We are currently witnessing a growing acceptance of advanced chemical recycling technologies as complementary solutions to mechanical recycling. Brand owners in the FMCG (fast-moving consumer goods) sector acknowledge the role chemical recycling can play in unlocking the use of post-consumer recycled (PCR) content and we see several leading chemical companies investing in and/or partnering with advanced recycling technology providers. All eyes are now on the ongoing legislative discussions and deliberations on the status of chemical recycling and mass-balance accounting.
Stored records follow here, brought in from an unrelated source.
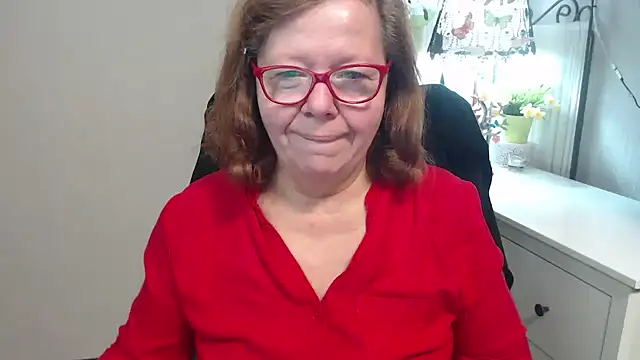 Adelewildx online show from September 30, 3:22 am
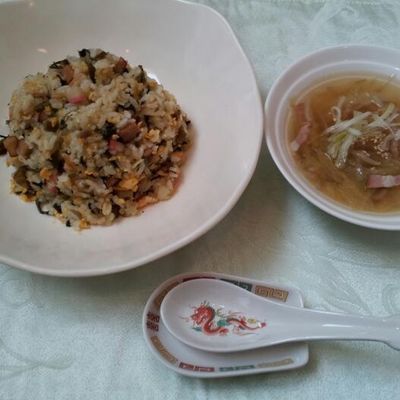 さらっと食べられる！ スープ高菜チャーハン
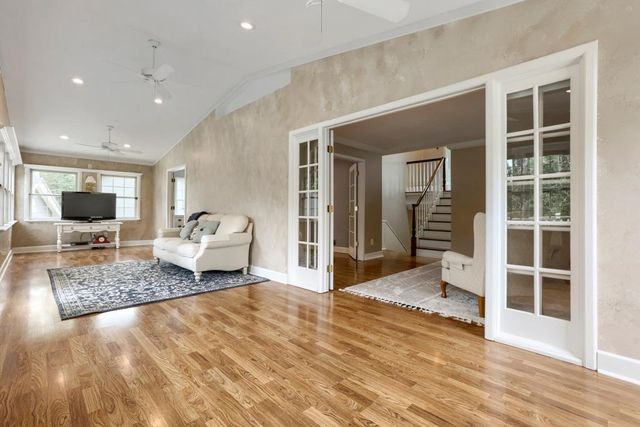 8664 Xenium Lane N, Maple Grove, MN 55369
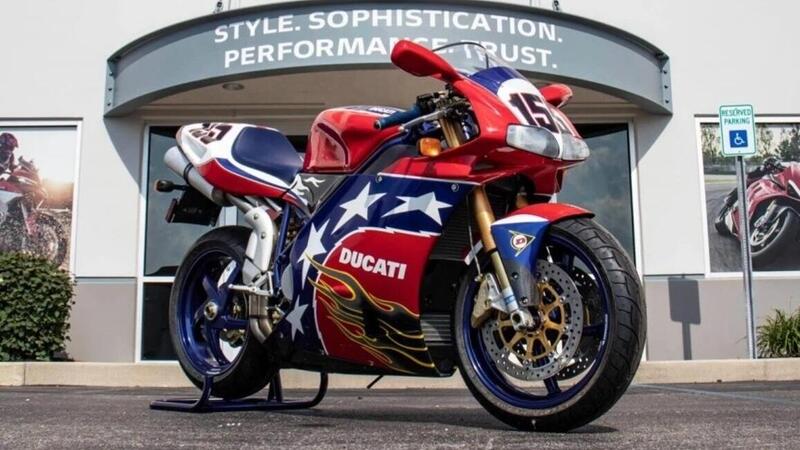 Venduta! Una Ducati 998S Ben Bostrom Replica del 2002 con sole 2 miglia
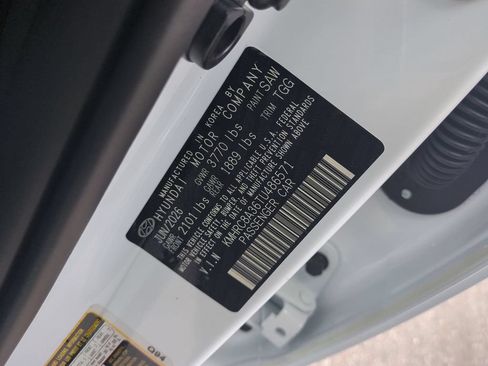 New 2026 Hyundai Venue SEL FWD image 38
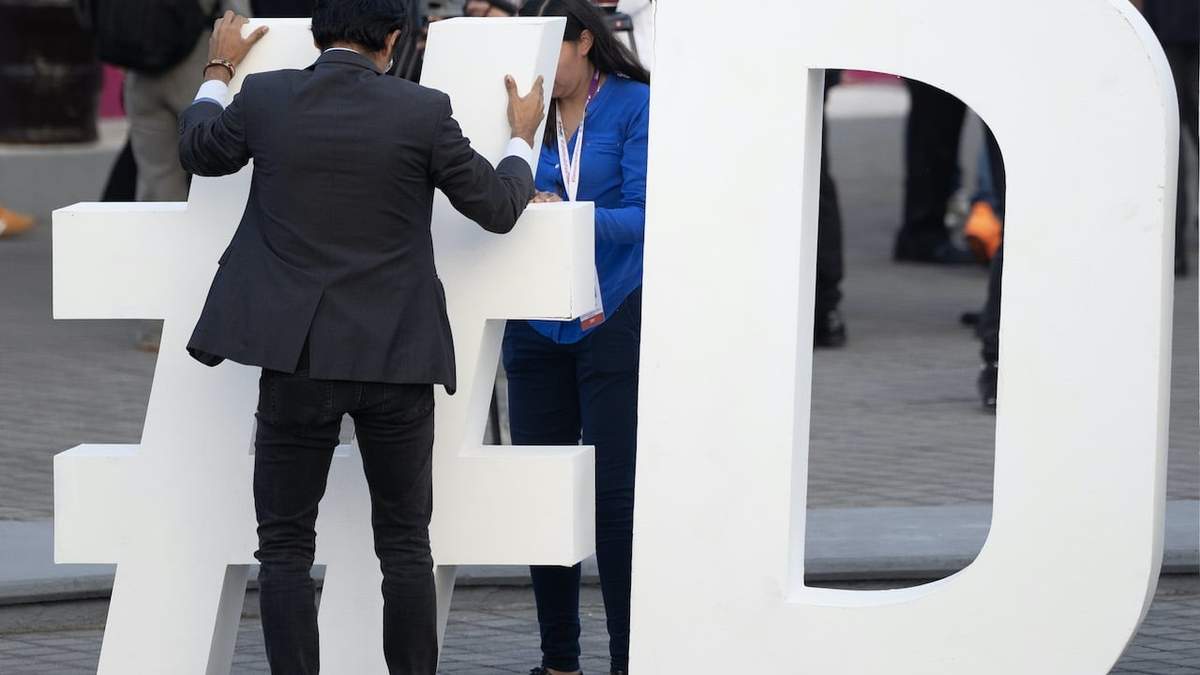 El viento tiró las letras con la palabra #DebateINE afuera del órgano electoral el pasado 7 de abril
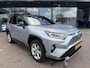 Toyota RAV4 2.5 Hybrid AWD Bi-Tone | FACE LIFT MODEL | LED KOPLAMPEN | NAVIGATIE | KEYLESS ENTRY/GO | LEDER | 360 CAMERA | DOEDEHOEK DETECTIE | PANORAMA DAK | STOELVERWARMING/ KOELING | ELEKTRISCHE STOELEN |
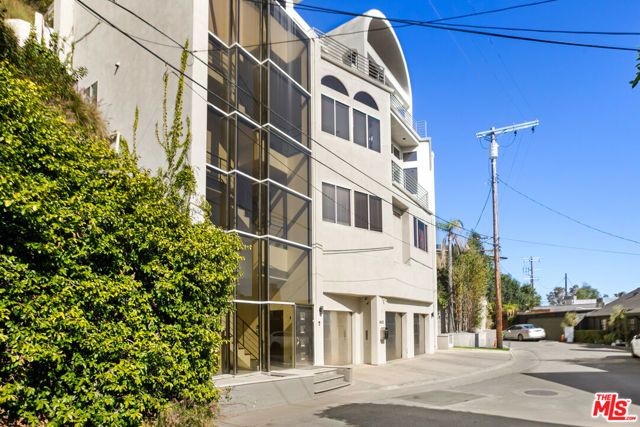 8435 FRANKLIN Avenue, West Hollywood, CA 90069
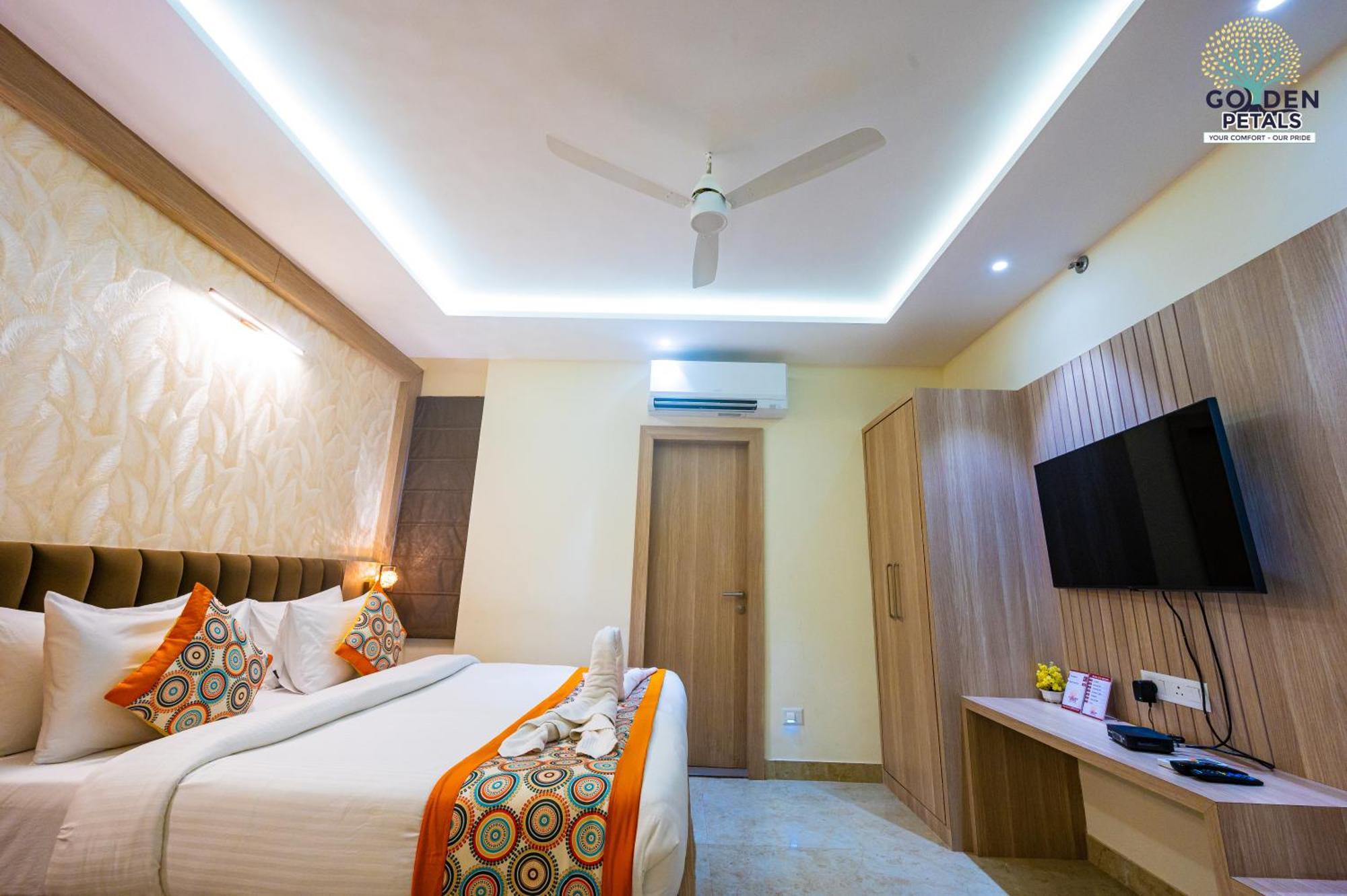 Hotel Golden Petals Varanasi Bagian luar foto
The industry is hoping for a well-defined and inclusive policy framework, as it is clear to the entire plastics value chain that achieving plastic circularity will require a whole gamut of solutions.
The diversity of advanced recycling solutions is akin to the complexity of plastic waste, which comprises different types of plastics with diverse polymer chemistries. The largest advanced recycling capacities are currently achieved only via thermochemical methods using gasification or pyrolysis. On account of tech maturity, the total number of tech providers, and the average plant size, pyrolysis sits at the top of the list. It can process streams of mixed polyolefin waste and transform them into virgin-equivalent recycled grades for food-contact applications. This has been an important factor driving its growth, with FMCG brands that rely heavily on PE- and PP-based packaging looking to meet the ambitious recycled-content targets for their product packaging.
Pyrolysis technology has been around for a while and is now being fine-tuned to meet the needs of the petrochemical industry. More than 60 pyrolysis technology providers have been identified in the report published in June 2022 by nova-institute in Germany and this list continues to grow. Many are working on enhancing the process and minimizing the environmental footprint. For instance, innovative catalysts are being used to lower the process temperature (and thus the energy demand) and reduce processing time. Advances in pretreatment of waste feedstock and post-treatment of process output are also ongoing to further improve the quality and quantity of the yield.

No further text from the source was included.